Jamais le Conseil fédéral n’avait été étudié en détail en tant qu’institution politique. « D’une part, il est très difficile d’obtenir des informations sur ce qu’il se passe exactement dans la salle de séance du Conseil fédéral », explique Adrian Vatter, professeur de sciences politiques. Les conseillères fédérales et conseillers fédéraux en exercice ne révèlent rien. De même, il faut une bonne dose de confiance pour que les anciens membres acceptent de lever un peu le voile. « D’autre part, les raisons sont également à rechercher dans les paradigmes des sciences sociales », poursuit Adrian Vatter. Jusqu’au milieu du 20e siècle, elles étaient marquées par l’histoire des « grands hommes ». À partir des années 60, on s’est davantage intéressé aux structures de la société ou au comportement de la population. Depuis cinq à dix ans, on assiste néanmoins à un regain d’attention pour l’élite politique. « On comprend que les décisions de certaines personnes – par exemple de membres du Conseil fédéral – sont très importantes », développe le politologue.

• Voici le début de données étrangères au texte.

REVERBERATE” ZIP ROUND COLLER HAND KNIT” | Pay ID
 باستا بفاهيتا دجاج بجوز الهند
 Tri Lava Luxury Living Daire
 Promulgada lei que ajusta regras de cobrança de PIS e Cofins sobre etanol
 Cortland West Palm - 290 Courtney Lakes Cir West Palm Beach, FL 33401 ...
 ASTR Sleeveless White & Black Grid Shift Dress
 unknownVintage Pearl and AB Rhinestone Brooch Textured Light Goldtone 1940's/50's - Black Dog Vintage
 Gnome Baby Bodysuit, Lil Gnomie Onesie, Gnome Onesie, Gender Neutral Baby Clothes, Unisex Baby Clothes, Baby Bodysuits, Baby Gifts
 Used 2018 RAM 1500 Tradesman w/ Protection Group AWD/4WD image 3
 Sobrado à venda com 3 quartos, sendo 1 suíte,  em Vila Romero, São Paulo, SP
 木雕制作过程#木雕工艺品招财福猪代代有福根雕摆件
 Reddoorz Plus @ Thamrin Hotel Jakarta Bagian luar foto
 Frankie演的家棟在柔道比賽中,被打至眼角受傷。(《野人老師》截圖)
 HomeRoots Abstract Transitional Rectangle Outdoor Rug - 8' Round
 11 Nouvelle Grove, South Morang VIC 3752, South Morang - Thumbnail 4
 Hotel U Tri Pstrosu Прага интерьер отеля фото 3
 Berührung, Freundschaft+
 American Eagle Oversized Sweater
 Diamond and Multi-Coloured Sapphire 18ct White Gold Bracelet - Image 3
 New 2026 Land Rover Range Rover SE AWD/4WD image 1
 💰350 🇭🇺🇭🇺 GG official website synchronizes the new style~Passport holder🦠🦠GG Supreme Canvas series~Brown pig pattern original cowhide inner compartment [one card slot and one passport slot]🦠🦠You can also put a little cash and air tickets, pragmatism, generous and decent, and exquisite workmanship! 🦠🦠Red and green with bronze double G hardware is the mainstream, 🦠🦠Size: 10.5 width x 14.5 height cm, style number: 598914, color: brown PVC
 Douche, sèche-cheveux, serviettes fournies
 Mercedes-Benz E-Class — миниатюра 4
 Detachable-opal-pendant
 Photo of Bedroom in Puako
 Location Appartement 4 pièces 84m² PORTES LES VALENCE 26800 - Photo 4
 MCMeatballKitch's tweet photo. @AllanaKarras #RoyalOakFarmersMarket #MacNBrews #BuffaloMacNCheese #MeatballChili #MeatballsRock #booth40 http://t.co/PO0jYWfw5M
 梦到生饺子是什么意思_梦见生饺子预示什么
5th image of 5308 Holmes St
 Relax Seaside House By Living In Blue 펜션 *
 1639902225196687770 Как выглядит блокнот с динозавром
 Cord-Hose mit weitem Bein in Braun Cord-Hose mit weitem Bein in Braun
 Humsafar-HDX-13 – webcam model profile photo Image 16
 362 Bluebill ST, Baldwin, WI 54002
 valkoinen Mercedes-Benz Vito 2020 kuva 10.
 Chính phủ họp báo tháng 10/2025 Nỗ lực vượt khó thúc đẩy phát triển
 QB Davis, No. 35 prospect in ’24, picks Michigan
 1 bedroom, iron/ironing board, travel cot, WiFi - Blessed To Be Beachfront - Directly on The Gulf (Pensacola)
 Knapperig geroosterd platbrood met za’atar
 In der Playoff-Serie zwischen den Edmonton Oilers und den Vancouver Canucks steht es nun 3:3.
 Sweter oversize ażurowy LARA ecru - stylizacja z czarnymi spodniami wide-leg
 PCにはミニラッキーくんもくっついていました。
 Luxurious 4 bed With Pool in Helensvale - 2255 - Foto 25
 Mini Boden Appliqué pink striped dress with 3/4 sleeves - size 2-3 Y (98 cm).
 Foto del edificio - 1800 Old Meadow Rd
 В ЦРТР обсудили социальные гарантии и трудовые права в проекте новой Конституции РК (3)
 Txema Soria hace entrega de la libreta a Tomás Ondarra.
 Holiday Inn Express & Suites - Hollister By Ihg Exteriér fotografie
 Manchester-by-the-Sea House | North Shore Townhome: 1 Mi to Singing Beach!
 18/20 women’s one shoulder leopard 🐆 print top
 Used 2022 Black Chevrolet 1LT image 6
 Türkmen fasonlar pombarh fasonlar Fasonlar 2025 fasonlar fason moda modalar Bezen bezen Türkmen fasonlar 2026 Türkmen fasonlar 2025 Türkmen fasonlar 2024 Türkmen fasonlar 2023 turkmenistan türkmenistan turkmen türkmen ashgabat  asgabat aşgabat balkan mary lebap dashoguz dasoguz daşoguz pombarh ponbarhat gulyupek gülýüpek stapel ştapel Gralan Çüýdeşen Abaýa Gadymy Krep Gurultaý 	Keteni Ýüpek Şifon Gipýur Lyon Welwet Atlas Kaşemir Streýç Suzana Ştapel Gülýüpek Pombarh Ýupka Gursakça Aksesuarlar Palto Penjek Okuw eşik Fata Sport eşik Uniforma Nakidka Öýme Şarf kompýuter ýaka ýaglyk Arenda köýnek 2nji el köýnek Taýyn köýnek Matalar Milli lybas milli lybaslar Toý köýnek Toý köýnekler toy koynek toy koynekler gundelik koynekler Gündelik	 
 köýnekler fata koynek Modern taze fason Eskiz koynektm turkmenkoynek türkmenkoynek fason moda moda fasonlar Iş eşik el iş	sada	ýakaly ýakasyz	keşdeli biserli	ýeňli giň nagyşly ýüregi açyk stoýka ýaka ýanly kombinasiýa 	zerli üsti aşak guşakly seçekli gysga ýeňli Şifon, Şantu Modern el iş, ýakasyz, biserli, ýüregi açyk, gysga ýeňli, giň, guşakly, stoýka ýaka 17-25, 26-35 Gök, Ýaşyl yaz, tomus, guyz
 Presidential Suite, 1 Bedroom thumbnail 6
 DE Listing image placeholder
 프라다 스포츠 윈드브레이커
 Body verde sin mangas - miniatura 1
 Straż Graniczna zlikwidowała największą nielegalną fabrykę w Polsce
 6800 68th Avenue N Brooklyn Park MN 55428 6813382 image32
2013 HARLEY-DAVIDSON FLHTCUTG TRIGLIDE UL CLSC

Des institutions mises au défi
« La polarisation du système de partis, la médiatisation et la personnalisation de la politique imposent des exigences au système politique et à ses représentant·e·s – sans parler de la pandémie qui a entraîné un déplacement extrême des compétences et des structures de pouvoir », analyse Adrian Vatter. Selon lui, la Suisse se caractérise plus que tout autre pays par un fort partage du pouvoir. « Entre le Conseil des États, le Conseil national et le Conseil fédéral, ce dernier est l’institution la plus puissante. » Explication d’Adrian Vatter : « Le Conseil fédéral est associé à toutes les étapes des dossiers politiques – de la proposition d’un projet de loi à la rédaction des ordonnances –, ce qui lui procure un pouvoir d’influence considérable. » Une conseillère fédérale ou un conseiller fédéral peut en outre occuper des postes clés au sein du département et des offices fédéraux, lui conférant, là encore, une grande influence. Des deux chambres, c’est très clairement le Conseil des États qui est le plus puissant et le plus influent, car il délibère sur plus de questions et parle d’une seule voix. « Il est quelque peu paradoxal que ce soit la chambre la plus médiatisée – le Conseil national – qui ait le moins d’influence », complète Adrian Vatter.